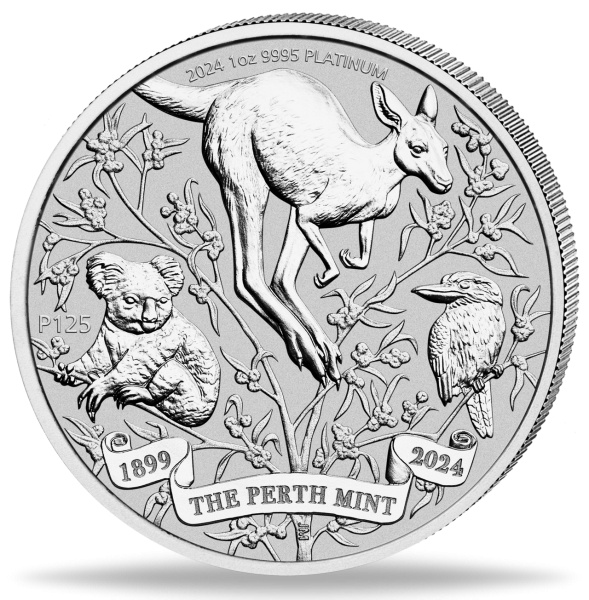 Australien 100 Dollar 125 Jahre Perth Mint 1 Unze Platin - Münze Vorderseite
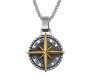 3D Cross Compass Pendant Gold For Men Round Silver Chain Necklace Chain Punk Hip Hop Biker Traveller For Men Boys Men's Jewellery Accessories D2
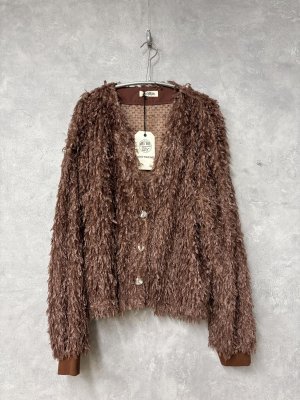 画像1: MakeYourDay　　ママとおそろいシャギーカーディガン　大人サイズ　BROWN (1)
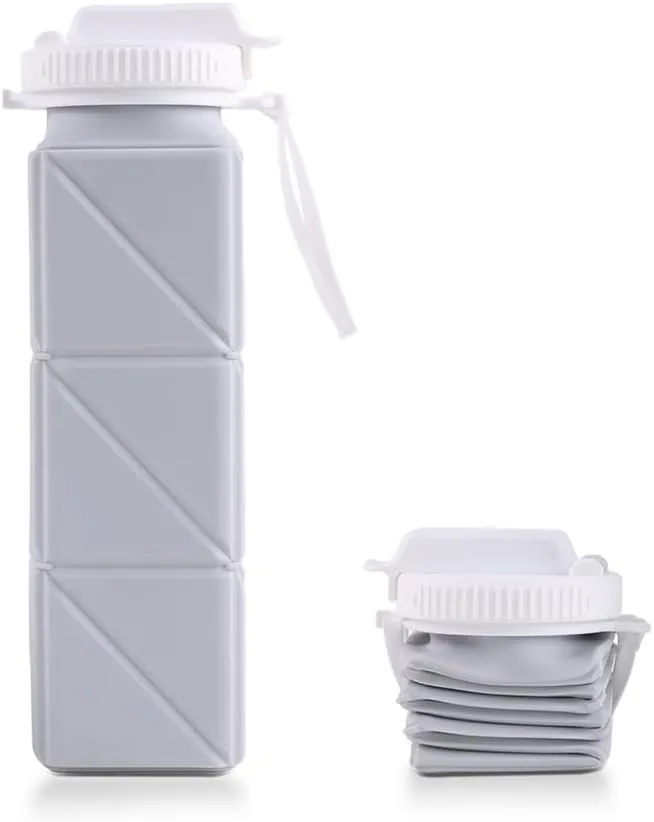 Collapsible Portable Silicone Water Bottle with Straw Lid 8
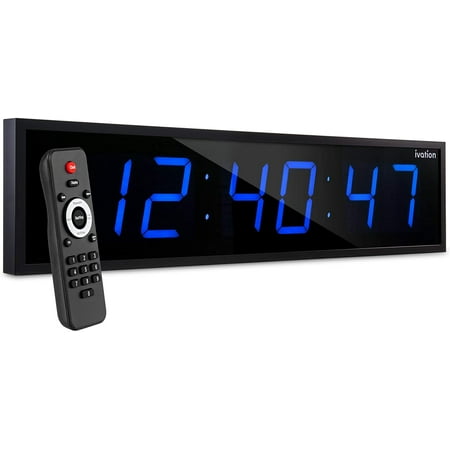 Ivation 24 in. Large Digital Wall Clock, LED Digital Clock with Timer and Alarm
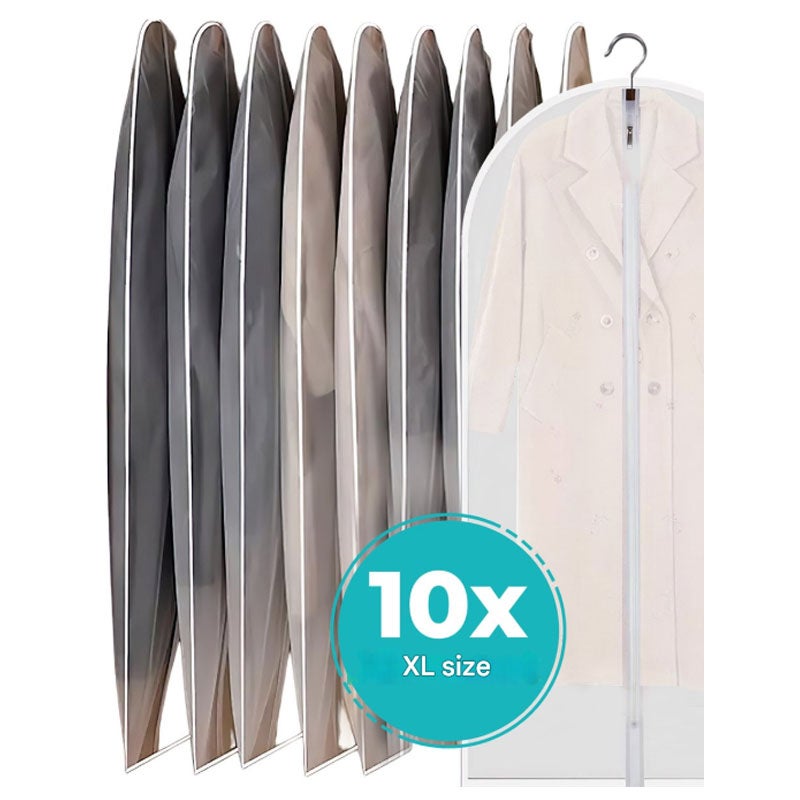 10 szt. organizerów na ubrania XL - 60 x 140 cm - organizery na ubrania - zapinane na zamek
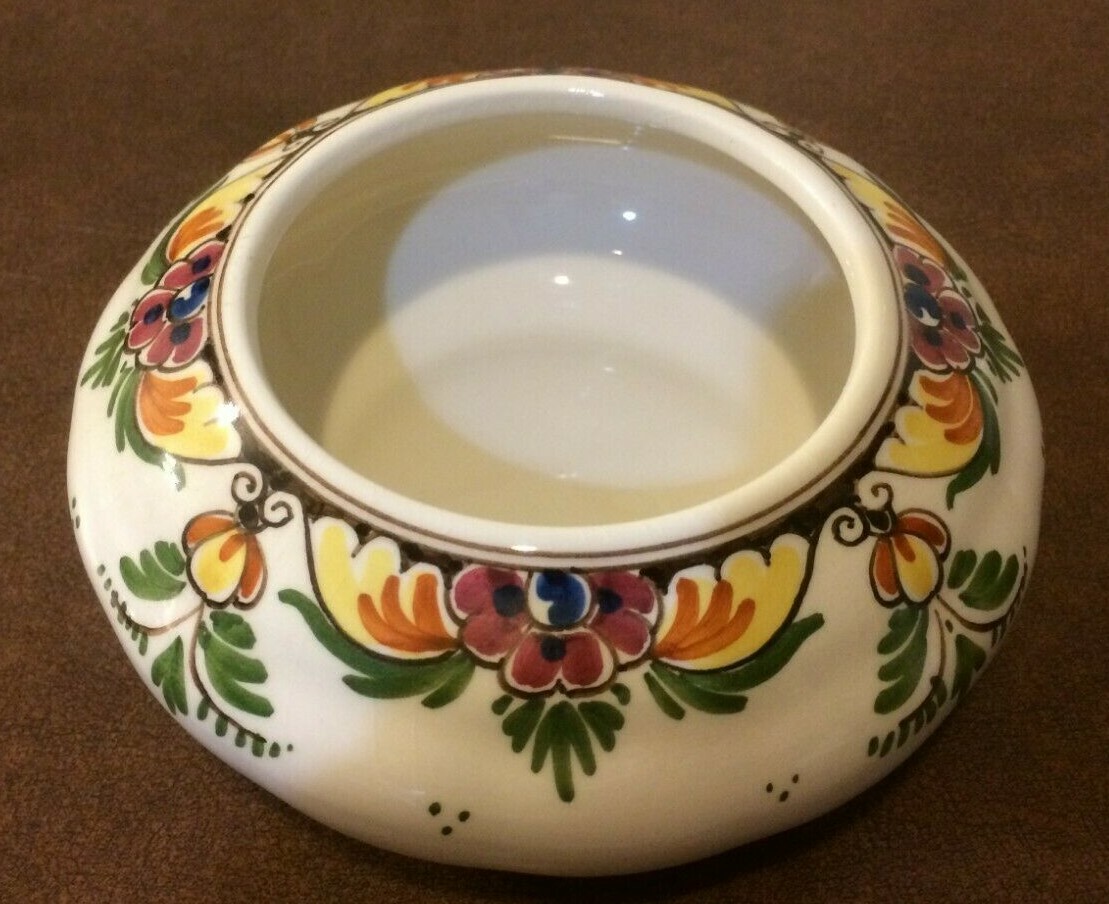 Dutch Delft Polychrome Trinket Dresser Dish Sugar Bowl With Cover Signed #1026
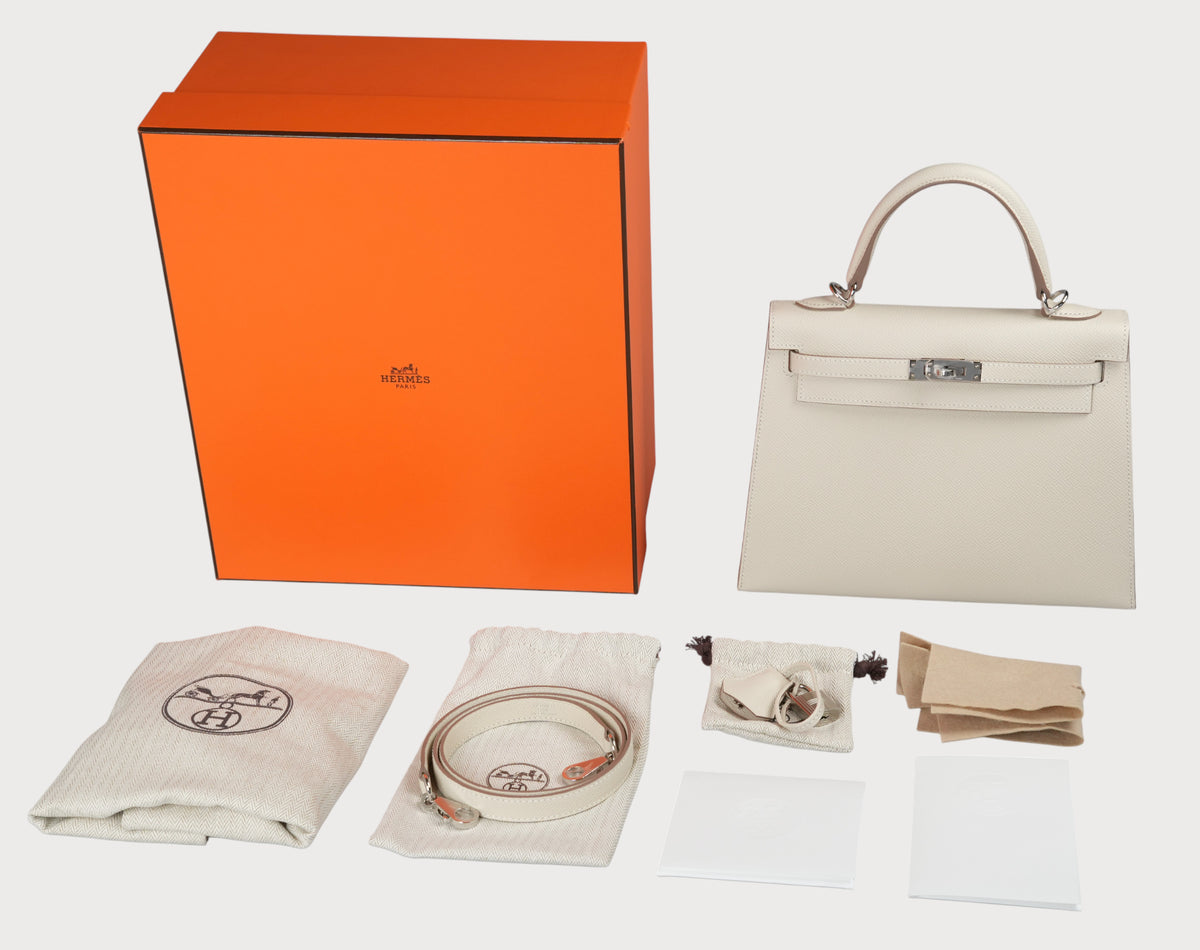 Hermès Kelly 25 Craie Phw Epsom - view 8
_ _ _ _ _
Work required: Print the lines from the line with "10 szt. organizerów" to the end of the data above. Include both ends, exclude the pictures, and add nothing else.

Worked solution:
 10 szt. organizerów na ubrania XL - 60 x 140 cm - organizery na ubrania - zapinane na zamek
 Dutch Delft Polychrome Trinket Dresser Dish Sugar Bowl With Cover Signed #1026
 Hermès Kelly 25 Craie Phw Epsom - view 8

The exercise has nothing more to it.